My wife was born in Iran. There, she says, a whitelist of accepted names is maintained. When you have a baby, you pick a name out of this book, full stop. There is an exception process where you can ask the authorities to approve a name that’s not listed, but she says it’s arduous and rarely results in an approval.
(This feels like a new topic, branching away from the OP, so if anyone wants to follow up in a new thread, I’ll add more detail there.)
Yes, emphasis is difficult because it is irregular where you wouldn’t expect it. For instance, only quite recently I noticed how AD-mirable and for-MI-dable are pronounced, in contrast to the French where it would all be admiRAble and formiDAble (and of course ‘able’ is pronounced differently as well, but that is not the point).
A further complication is the difference between British and American English, as well as when colloquialisms and common sayings are appropriate. Some expressions may be dated, or only used in American movies, or only academic. If you are exposed to a lot of different examples of English from movies, novels, professional writing, you may not always recall the exact context or cannot judge the appropriateness when you think of an Engilsh expression or word that covers what you want to convey. I presume that native speakers do this selection process without thinking about it.
They certainly are more likely to get the “WTF did you just say???” treatment than a foreigner who might be expected and tolerated to talk funny. The more exposure to the local vernacular, the more likely to understand what “fits”.
Brings to mind a practical joker I worked with who liked to eat a tin of sardines at lunch. Sometimes he’d hide the empty tin in someone’s desk drawer to see how long before they noticed.
The fellow from Hong Kong had been subject to this at least once, so when one of the ladies sniffs and says “what smells like fish??” he replied “Have you checked your drawers?” When everyone laughed heartily, he grabbed his dictionary to see what was so funny.
(Basically, “drawers” is a fairly anachronistic expression for underwear that is almost never used in conversation, but not so anachronistic that native English speakers haven’t encountered it often enough to make the connection.)
Another thing English learners have trouble with is word order in questions, and the need to add a helping verb (and to use an uninflected form of the main verb).
I’ve been listening to “The History of English Podcast” (Thanks @Qadgop_the_Mercotan) and he mentions how much more important word order is in English compared to other languages.

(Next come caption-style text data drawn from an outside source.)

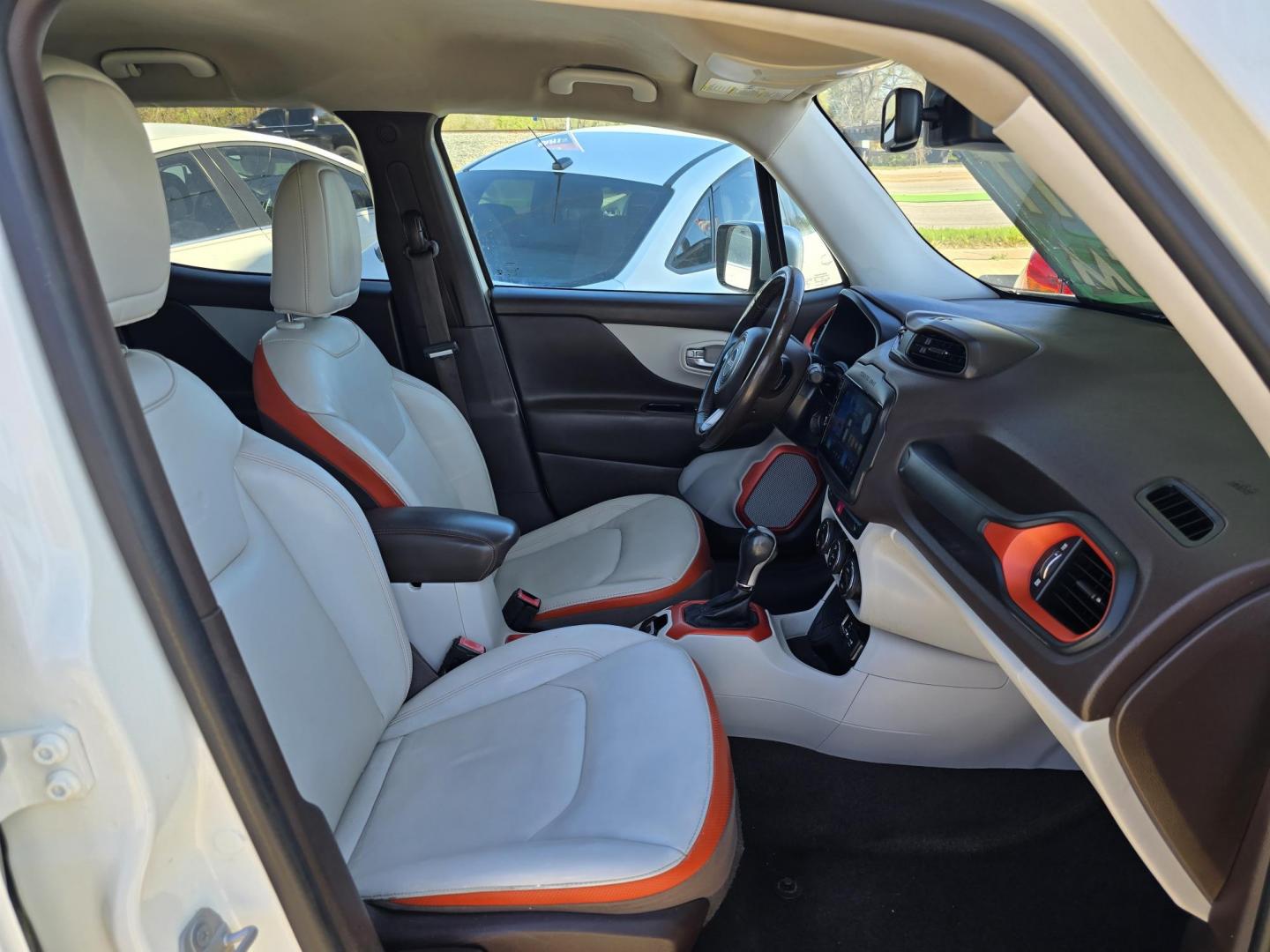 2017 WHITE Jeep Renegade Limited (ZACCJADB2HP) with an 2.4L L4 DOHC 16V engine, 9A transmission, located at 2660 S.Garland Avenue, Garland, TX, 75041, (469) 298-3118, 32.885551, -96.655602 - Photo#22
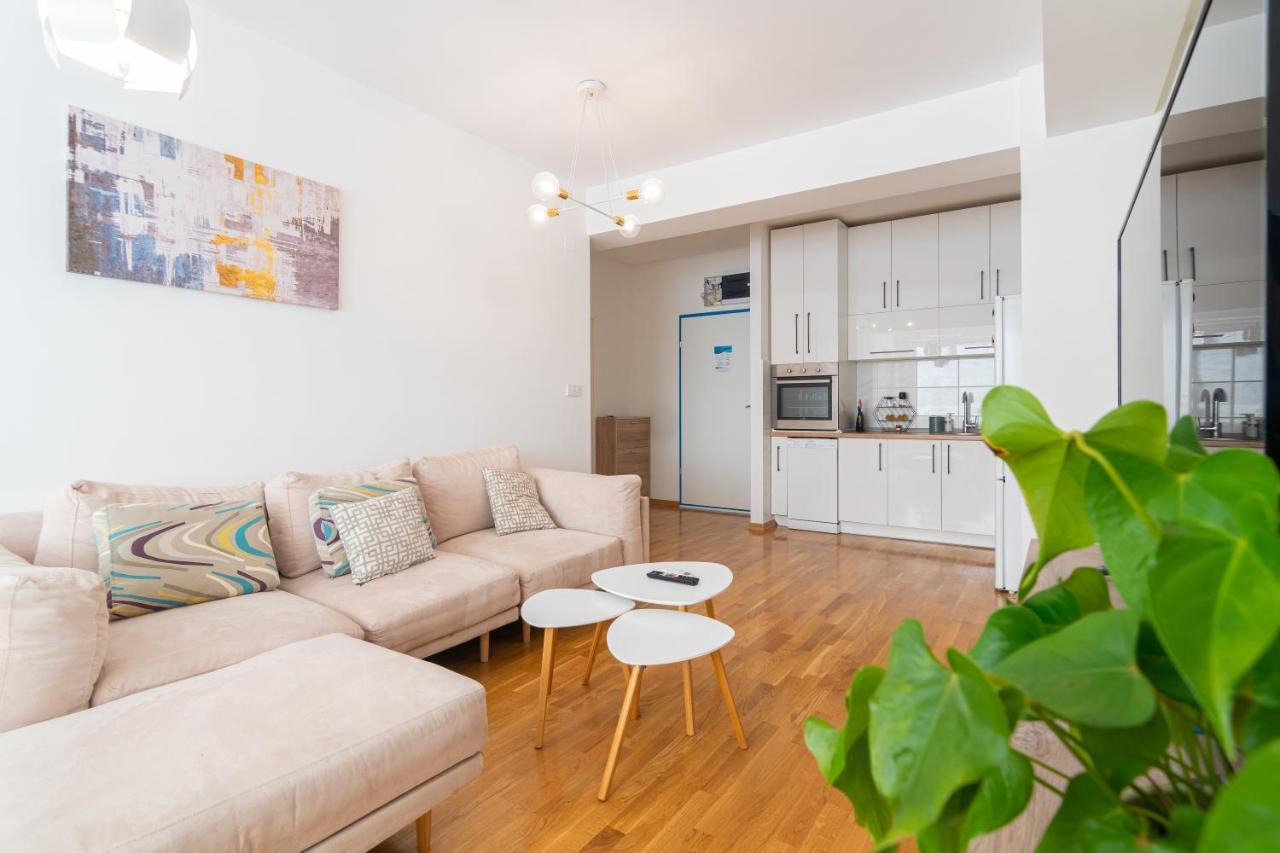 High-End Spacious Apartment Next To City Mall Skopje Extérieur photo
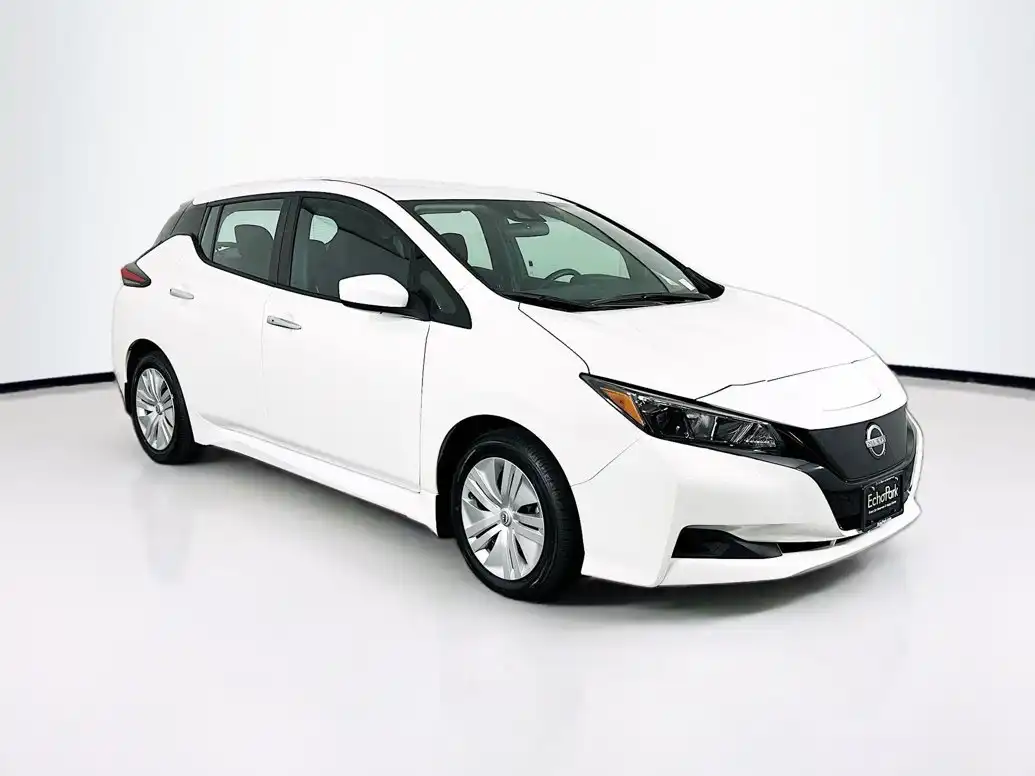 2025 Nissan Leaf S's photo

This topic has made me ponder “once”. We say “I will do that once I am done this…” which is not really what once means. it’s colloquially standing in for “when”. I assume a lot of languages have these sort quirks with certain words, and also the exact same usage of “once” does not carry over in other languages? Or is this something that crept into English surreptitiously once upon a time?
It’s not that big a semantic shift. “Once” means “on one occasion” (as opposed to “on multiple occasions”) and therefore can also mean “on an occasion” (as opposed to “on no occasion”). So “X will happen once Y happens” means “X will happen when Y has happened; X won’t happen unless Y has happened”.
It’s a very old usage; OED has instances goind back to the thirteenth century.
That’s entry 4 here: once as a conjunction meaning “at the moment when” or “as soon as.” It sounds completely natural to me. What strikes me as weird is when (older British) writers use the word “directly” in this way (i.e. as a conjunction rather than an adverb).
In addition to questions, English requires an auxiliary verb in simple statements.
Consider, what does “He eats the cookies” really mean? It means that eating the cookies is a regular occurrence for him, that it’s something that he does very often.
If we want to talk about what he is doing at this very moment, we have to say “He is eating the cookies.”
That’s a weird little quirk of English that most of us don’t think about very often. English does not use the simple present tense to describe events happening in the present. We have to use a form of “to be” plus the present participle of the verb. It’s called present progressive or present continuous, and most other languages don’t do it that way.
Another issue with English is how suffixes change pronunciation. FI-nal becomes fi-NAL-ity, moving the accent but in FI-nal-ly the accent remains on the first syllable. The reason, so I’m told, is that -ly is a Germanic suffix while -ity is French/Latin. The latter move accents, while the former do not.
French also has kind of odd negation with the ne … pas construction for negation. (I know you said “most,” but it’s kind of interesting to see how other languages negate.)
In some other languages, negation may play with the case of the noun being negated (Polish: I have a book Mam książkę I don’t have a book Nie mam książki) or split up a splittable verb in the negated sense (Hungarian: I enter the room. Belépek a szóbaba I don’t enter the room: Nem lépek be a szóbaba.)
There’s probably other languages that do unexpected things with negation, but those are from ones I know.